Typically, when foreign investors give up on a government and refuse to buy the bonds of a country, the government turns to the local savers for frantic final funds.

The government is faced with the choice of going bust and not being able to pay the teacher or squeezing a final few hundred million out of the saving middle classes.

In other countries which have faced our type of crises, the state forced local pension funds to buy government bonds or else froze savings, reintroduced capital controls and tried to grab people’s savings.

Remember, savings are very easy to get at.

A ‘temporary’ new Dirt-style tax must look very attractive to tax collectors.

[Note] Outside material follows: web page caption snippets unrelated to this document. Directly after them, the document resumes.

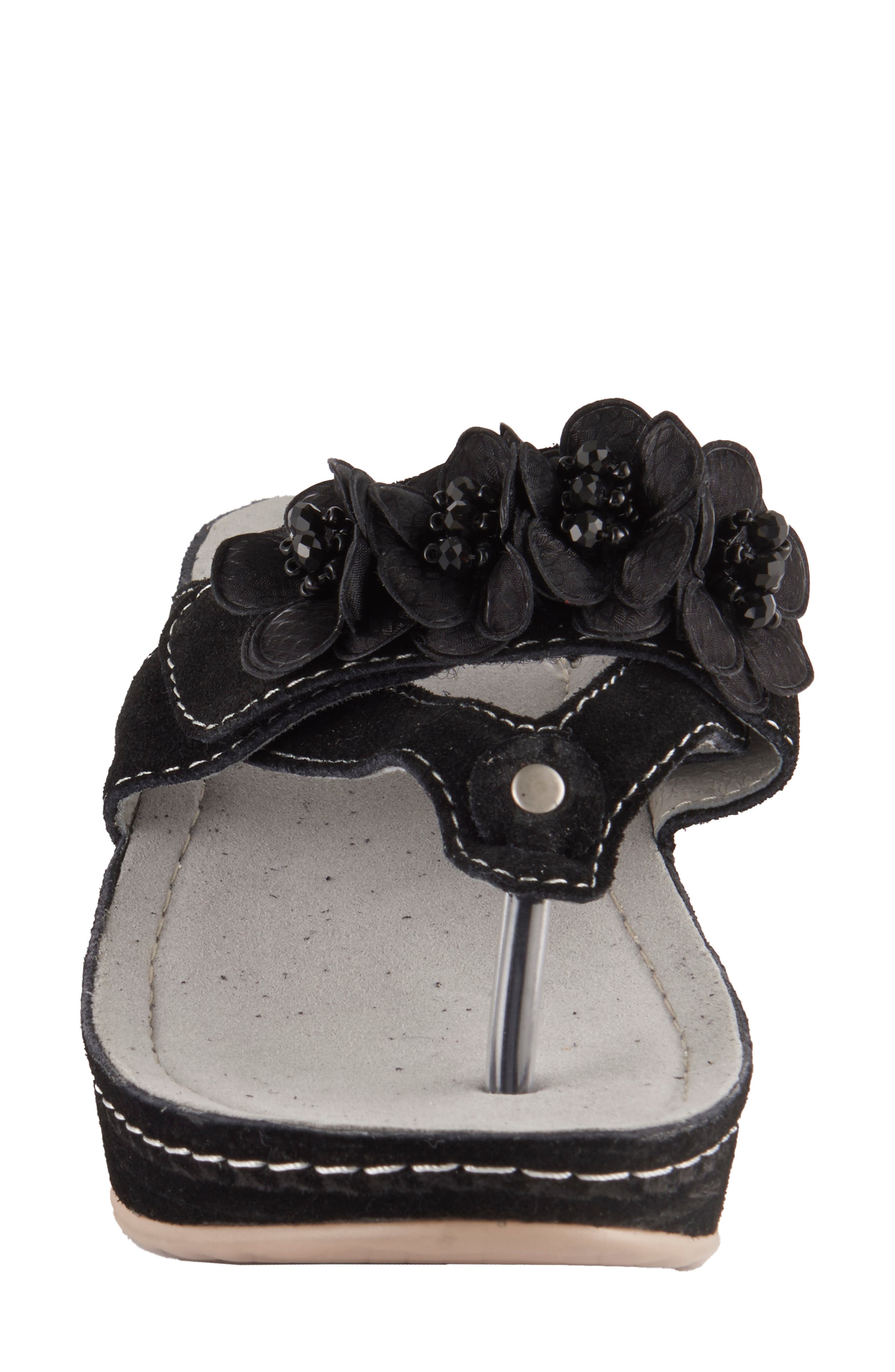 David Tate Garden Wedge Sandal, Alternate, color, Black Suede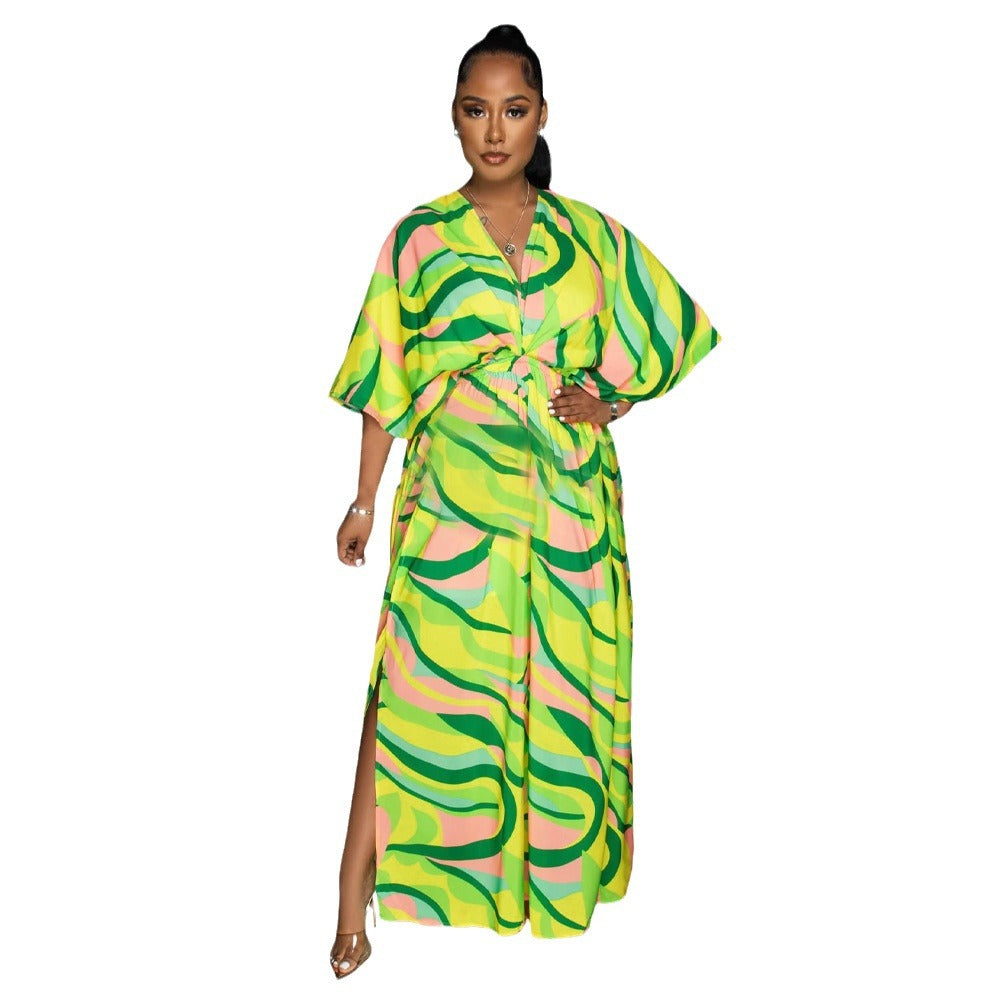cross-border fashion  waist-printed loosecasual new bat mid-sleeve women's dress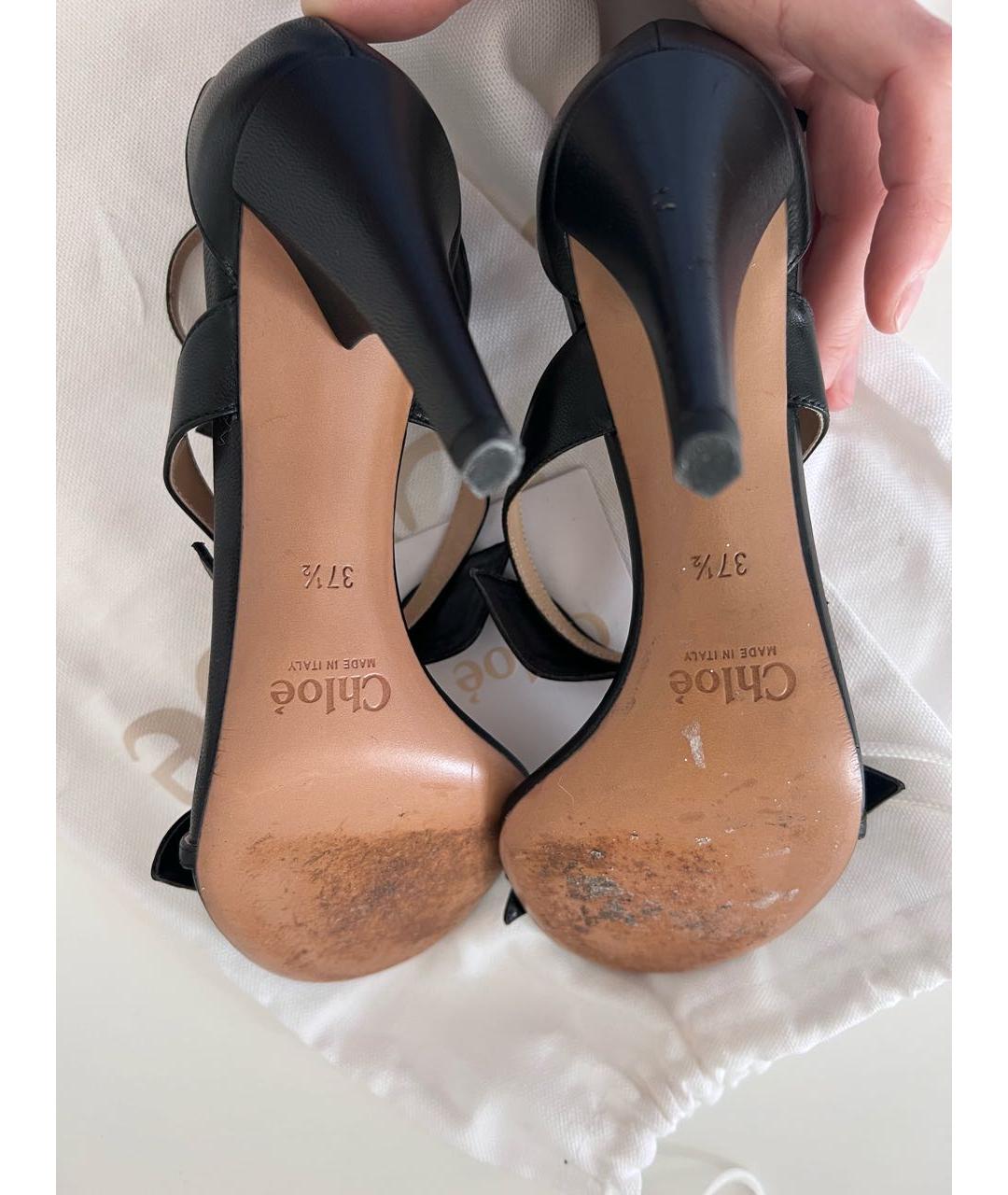 CHLOE Черные кожаные босоножки, фото 5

The background noise to such a move will be, first, a flight of capital from corporates which are no longer prepared to keep their money in local banks.

They are not being paid for the risk they feel they are taking.

The wrecked local banks can’t pay more interest than healthier foreign banks because the banks are facing a massive funding squeeze. So if a local bank begins to try to raise interest rates in order to attract new – or keep existing – deposits, people will know that that bank is running out of money. Such a move on deposit rates is a sign of panic, rather than confidence.

Contrast this interpretation of a deposit war with the interpretation that pertained in the boom: when a bank offered higher interest rates back then, it was seen to be a confident market leader in the battle for funding.

Today, it would look like a ponzi scheme operator.

So big deposits will fly out the door. At the same time as the corporate depositors change tack, a different conversation is going on in kitchens up and down the country.

Up until this point, the average working person – with a job – had reacted to the crisis by increasing his or her savings.

As the crisis became more severe and taxes and unemployment rose, people with jobs saved more.

This had the effect of contracting demand and, in the process, contracting the tax take.

This is the polar opposite to what happened in the boom. In the boom, we spent, this increased the tax take and the government’s budget balance went into surplus.

Now, we are saving, the tax take is falling, spending rising and the government’s budget position has ballooned out of control.

Now the average person with savings is worried that the state – which refuses to tax other wealth – will tax savings.

Equally, they are starting to realise that, if the government doesn’t have the cash to plug the hole in the banks, then the small depositors will be the last to find out what is going on.

As we have said earlier, depositors will surely be protected. But some may start to move cash out of the country, just in case.

All the while, the financial markets and financial press are looking at the country and, despite the assurances of the ECB, they see the dilemma faced by us, which is that our balance sheet is ruined.

On the asset side of the national balance sheet is property, which has collapsed in value.

On the liability side of the national balance sheet is debt.

Unlike property values, the debts have not fallen. In fact, the cost of the debt is rising because the rate of interest on the debt is rising at a rate of at least 6.4 per cent per year.

Taken together, it is easy to see that Ireland has run itself up a financial cul-de sac.

The only way out is to bring forward the crisis, rather than wait for it.

We can do this by forcing a debt-equity swap in all the banks, thus significantly reducing the cost of the bank bailout.

AIB needs to be the bank that the government focuses most on, as it is our biggest bank and still faces significant hurdles.

Regarding Anglo, we should tell the ECB and the Irish Central Bank – the two biggest creditors – that the game is up and they will have to take a huge discount on their ‘investment’ in Anglo. As for the subordinated bondholders, they should be told where to go and the other bondholders should be given the number of the liquidator.

If we don’t face the crisis head on, the next few months will witness capital flight and the crisis will come to a head anyway. Better to get on with it.